Building resilience to disaster risks in Arab cities is of utmost importance. The question remains how to select the optimum pathway towards building capacity among multiple stakeholders, and thus adequately execute resilience-building interventions. The primary recommendation of the report is to ensure risk-informed urban development based on an understanding of the ‘risk footprint’. Providing adequate risk governance mechanisms in Arab cities is the key. This implies fostering an enabling environment by providing political, fiscal and institutional autonomy to local decisionmakers (starting with municipal authorities) so that they can identify, assess, manage and communicate risks of disasters and climate change while planning and implementing service provision.

Thus, support for initiatives for decentralized urban governance, and opportunities for financing urban resilience, are of high importance.

The region possesses significant technical and traditional knowledge for resilience-building, including the academia and national research entities. There is a need to build synergies between the scientific community and the local/national authorities dealing with urban development. International development partners like the United Nations can play a critical role in this regard.

The good practices already established in various cities of the region need to be promoted and replicated in other cities. In this regard, engagement of city networks like the Arab Towns Organization and its subsidiary entities would be crucial. These networks can play an instrumental role in sharing best practices on urban resilience and encouraging cities to adapt them to their contexts.
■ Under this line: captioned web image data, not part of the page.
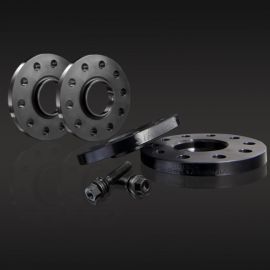 Bentley Bentayga - STARTECH Wheel Spacers buy in USA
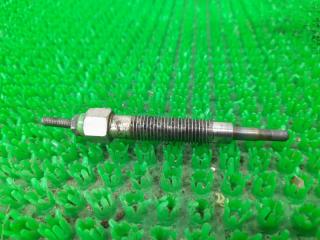 Свеча накала MITSUBISHI Delica P25W 4D56 MD092392 1 ракурс
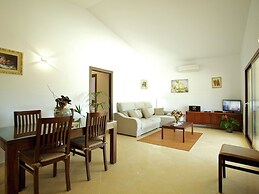 Country House in Campanet With Private Pool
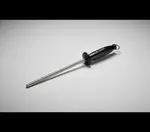 Victorinox Swiss Army 7.8991.13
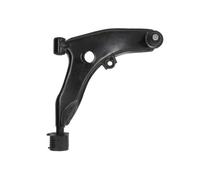 YAMATO J35039YMT Track Control Arm for MITSUBISHI,VOLVO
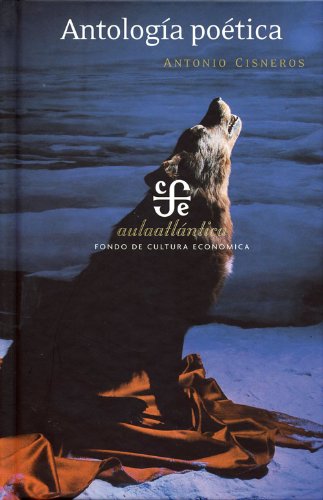 Antologia Poetica = Poetic Anthology (Aulaatlantica) Poetry
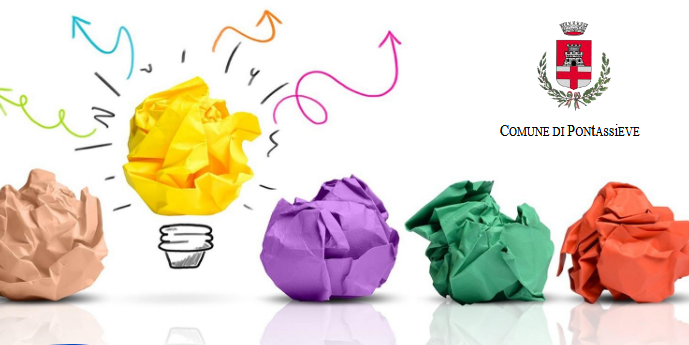 Presentato il nuovo piano dell’offerta formativa territoriale 2025-2027. Sessantasei i progetti 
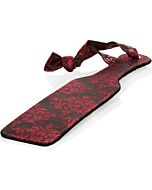 Scandal paleta bondage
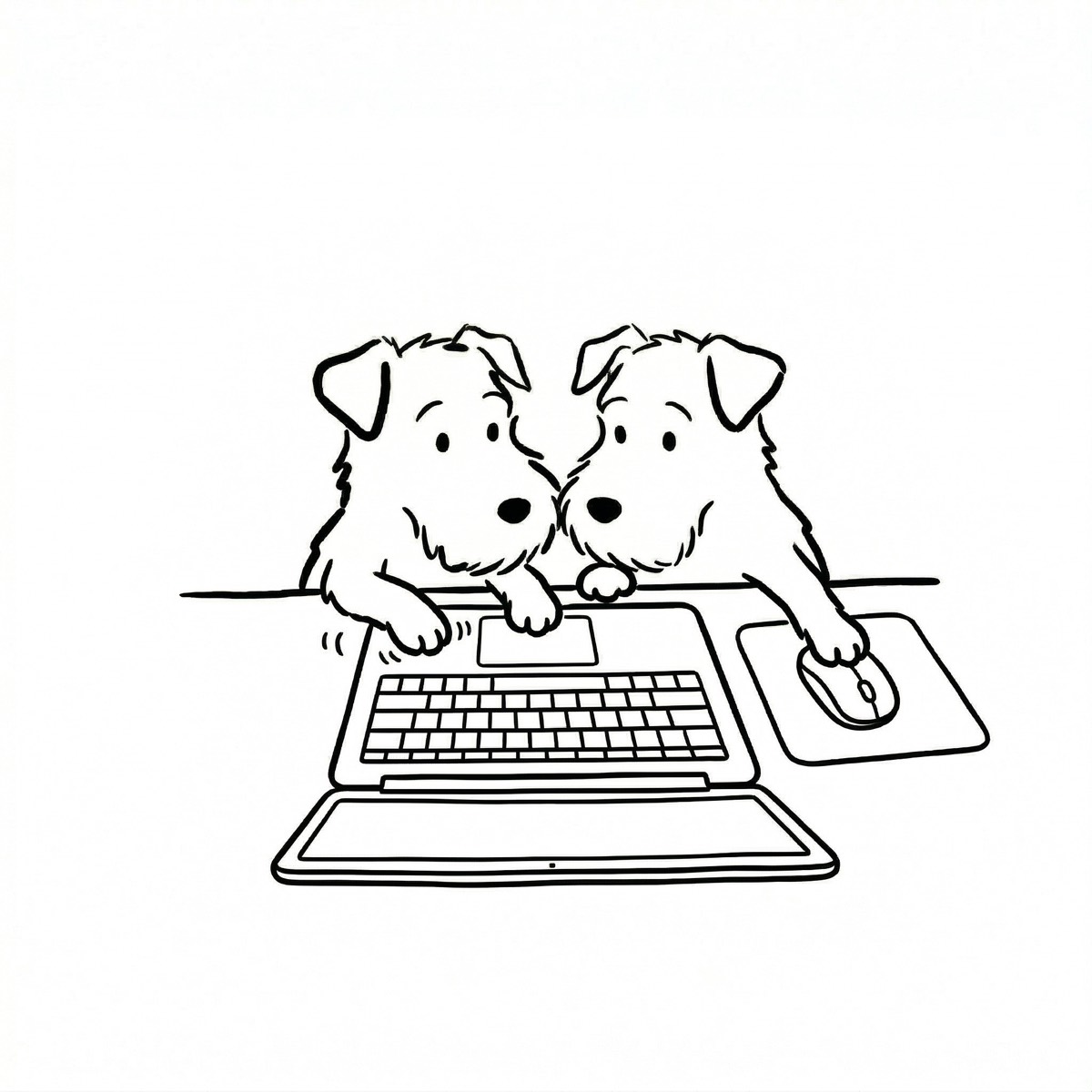 見直しのイメージ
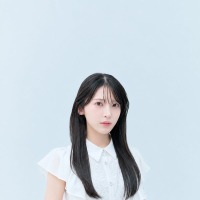 AKB48佐藤綺星、芸能事務所ヴィーボ所属へ！個人活動の幅を拡大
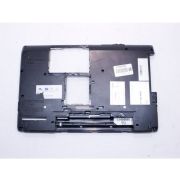 Fujitsu LifeBook E752 základní spodní kryt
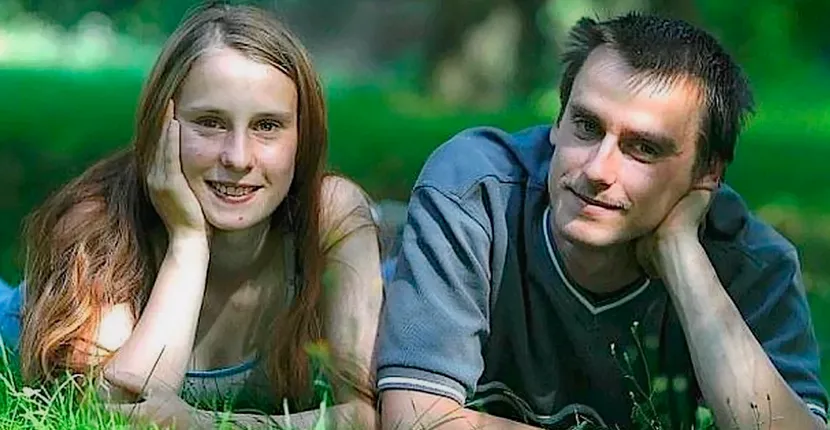 Doi frați din Germania vor să legalizeze incestul.  Cei doi au patru copii. ”Nu știam că este ilegal să dormim împreună”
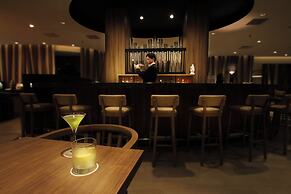 Hotel Grand Bach Sendai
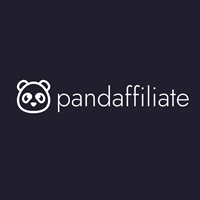 Panda Affiliates logo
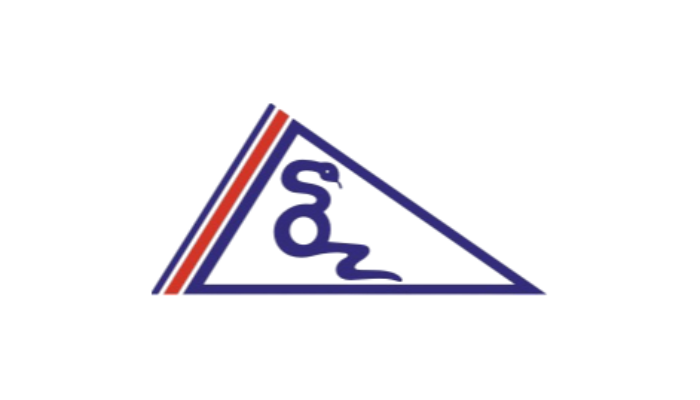 soz zass logo
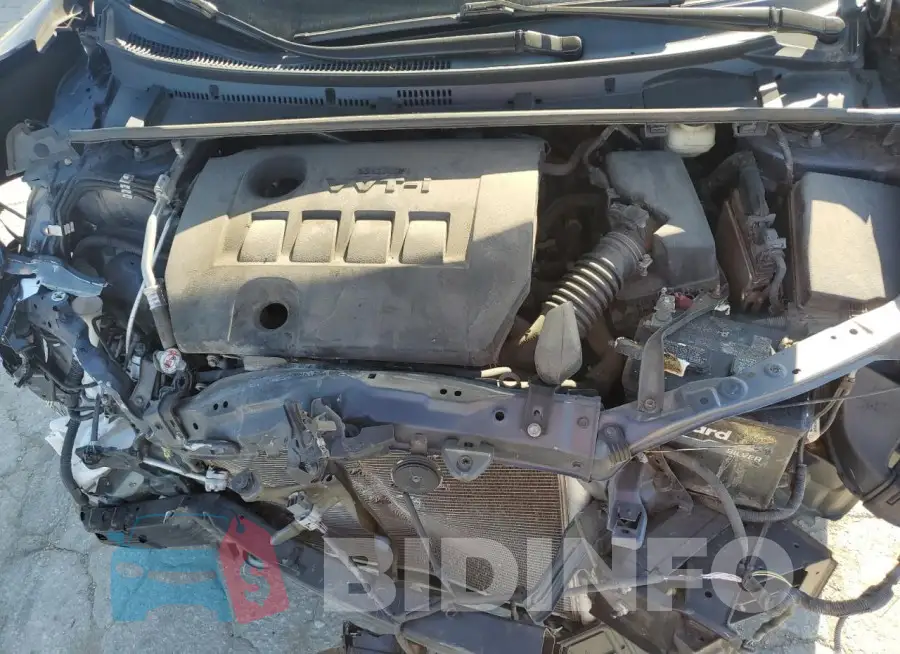 5YFBURHE9HP689880 Photo# 11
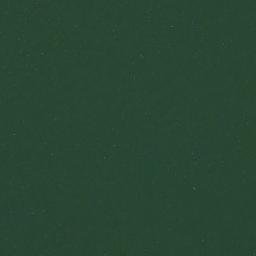Satellite imagery of Måsgrund, FI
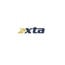 XTA OPT-PC1 Type I 256k SRAM PCMCIA Card For DP224 , DP226 Image 1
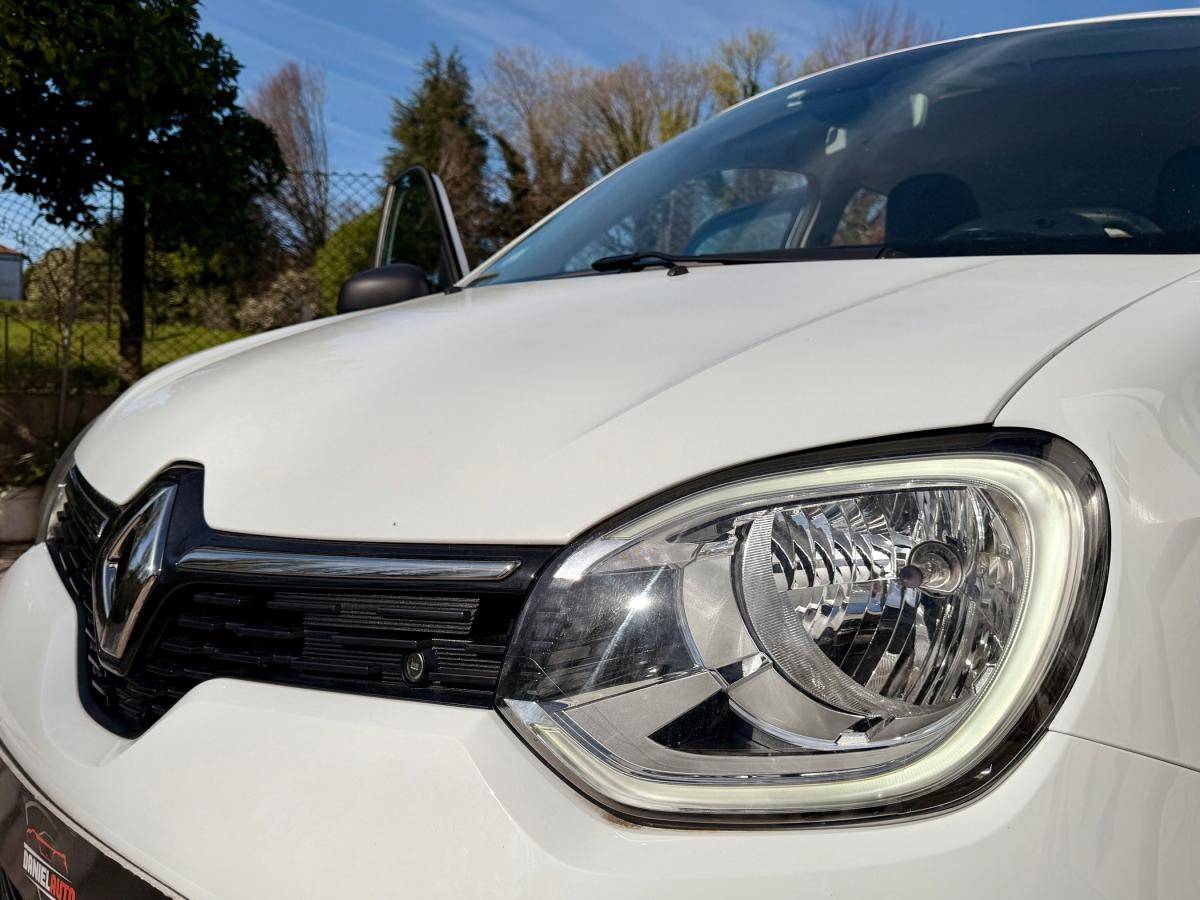 renault-twingo-2022-eletrico-0cc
The role of international lending institutions is crucial to support risk-informed urban development while offering the necessary funds required by cities to identify costs and develop plans for resilience-building, and then implement them. In addition, several sectors (tourism, international trade, foreign investment, etc.) remain highly critical in Arab cities.

Finally, urban resilience is a continuous process that requires ongoing attention, as well as financial and human resources to account for the constantly changing hazard and vulnerability profiles of the cities. Global best practices demonstrate that the benefits of building urban resilience far outweigh the costs. In the wake of political events in Iraq, Libya, Syria and Yemen, and in the context of growing climate-related risks, there is a much greater awareness among national authorities to adopt better governance practices (including decentralization, transparency and accountability). The pendulum, therefore, appears to be moving in the right direction, although the gaps are huge and multifarious.